We wrote about TC Heartland yesterday, hopefully for the last time.

Codec FUD



Going almost a couple of months back, BAMTech's CTO said something quite odd. He, like Steve Jobs, was relaying patent trolls' FUD. He wants us to think that paying a cartel or patent trolls is safer than Free software.

According to the report, "Inzerillo said open-source codecs are “really tough” because on one hand, they’re royalty-free, but on the other, none have been tested, meaning they could result in a lawsuit if they’re eventually found to infringe. He added that becoming embroiled in a lawsuit could be more expensive than licensing a codec like HEVC."

Well, how often have such lawsuits actually happened?

Blackbird Technologies



One patent troll that emerged again this summer was Blackbird Technologies, which we wrote about back in May. "The Patent Troll's New Clothes" was one among many articles about it, noting that "Blackbird was formed in 2014 by attorneys" and that it had nothing to do with invention, just extortion with software patents. As this one article from someone who knows them personally put it:

Blackbird was formed in 2014 by attorneys who worked for two major law firms. Everyone involved in Blackbird used to work on the defensive side of patent litigation; often, they were defending their clients against trolls. (A disclaimer: I used to work with some of the Blackbird attorneys, and I think well of them personally, despite their descent under the bridge.)

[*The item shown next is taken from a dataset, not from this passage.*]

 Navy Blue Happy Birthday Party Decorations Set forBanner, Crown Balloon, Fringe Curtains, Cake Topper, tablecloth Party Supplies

A new puff piece about this troll was published yesterday in the US media and said this:

So Freeman and Verlander founded Blackbird Technologies. The lyrics of the iconic Beatles song suggested rebirth to them, and they hoped to resurrect lifeless patents. (Also, every conceivable spelling of "phoenix" was taken.) Unlike a ​ traditional law firm, Blackbird is structured as a limited liability company, not a partnership, and it has no clients. Instead, it acquires patents from inventors or small businesses. Blackbird then sues companies for patent infringement on its own behalf, and it shares an unspecified percentage of any settlement or judgment with the original patent owner.

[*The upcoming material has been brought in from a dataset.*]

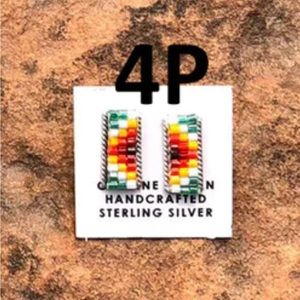 Rectangular Beaded Stud Earrings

Blackbird filed 107 lawsuits between September 2014 and May, including against Amazon, Fitbit, Netflix and kCura, a Chicago company that makes software used by law firms. It has settled with Amazon; the kCura case has moved to private mediation. The cases against Fitbit and Netflix are ongoing.

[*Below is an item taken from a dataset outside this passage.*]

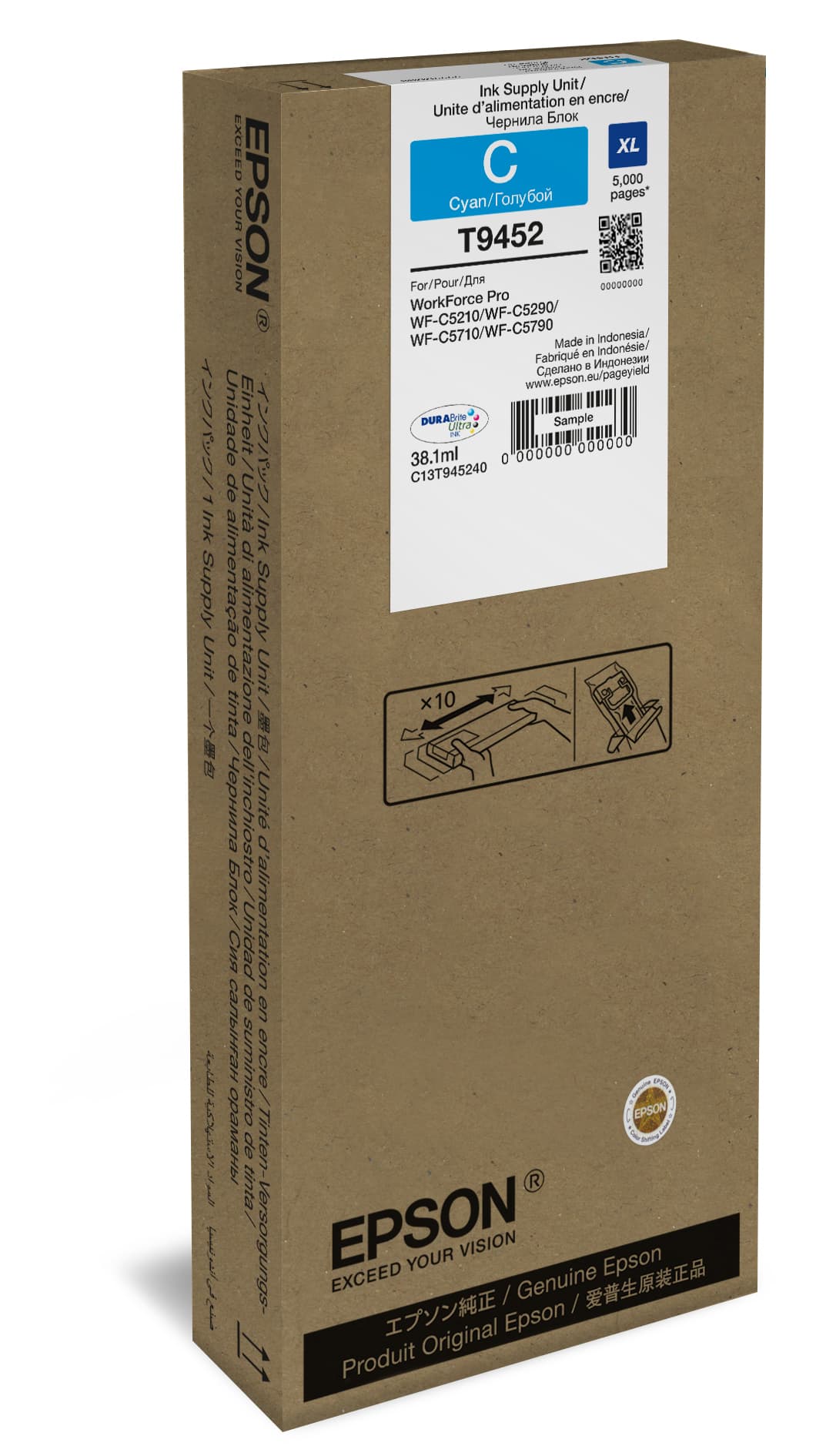 Epson T9452 - 38.1 ml - XL - azul cyan - original - tinteiro - para WorkForce Pro WF-C5210DW, WF-C5290DW, WF-C5710DWF, WF-C5790DWF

We first wrote about this troll in relation to one particular lawsuit, but it's actually going after quite a few companies. Patently-O wrote about it back in May, calling these patent trolls "Patent Assertion Entities" and noting that "there are other entities like this, but if so they haven’t made the boom that this one has. Blackbird Technologies was founded by former big-firm (WilmerHale, Kirkland Ellis) patent litigators. It buys (or somehow obtains rights to assert) patents and asserts them with its own in-house staff of litigators. Its “news” page reports a number of suits — at least 100 in its short life — and reports that it settled many."

We hope that the underlying patents will be quashed. In some of the Blackbird Technologies cases there are already motions to that effect.

ContentGuard



Last year when we mentioned ContentGuard we did not delve into the details, albeit Patent Progress ran a long series about it last month [1, 2, 3, 4]. The site "went through the history of the ContentGuard v. Apple and ContentGuard v. Google cases [and] talked briefly about the Markman process [going] into more detail on what Markman is, how it works, how Markman affected the ContentGuard cases, and why it’s such an important issue in patent litigation in general."

These cases are relevant due to reaching the Court of Appeals for the Federal Circuit (CAFC), so we shall keep an eye on these.

ContentGuard was first mentioned here about 8 years in relation to Microsoft.

Uniloc



Uniloc is so prolific a patent troll (best known for its cases against Microsoft) that we have a Wiki page about it and dozens of articles.

Having already got money out of Microsoft, this troll "is scrambling to keep Google and other big tech defendants in East Texas federal courts," says this report. "Uniloc filed a brand-new complaint (PDF) last week, which spends twice as much time describing Google's ties to Texas as it does explaining how Google supposedly infringes two Uniloc patents, numbered 8,995,433 and 7,535,890. The patents, entitled "System and Method for VoIP messaging," describe sending instant messages and voice messages over the Internet."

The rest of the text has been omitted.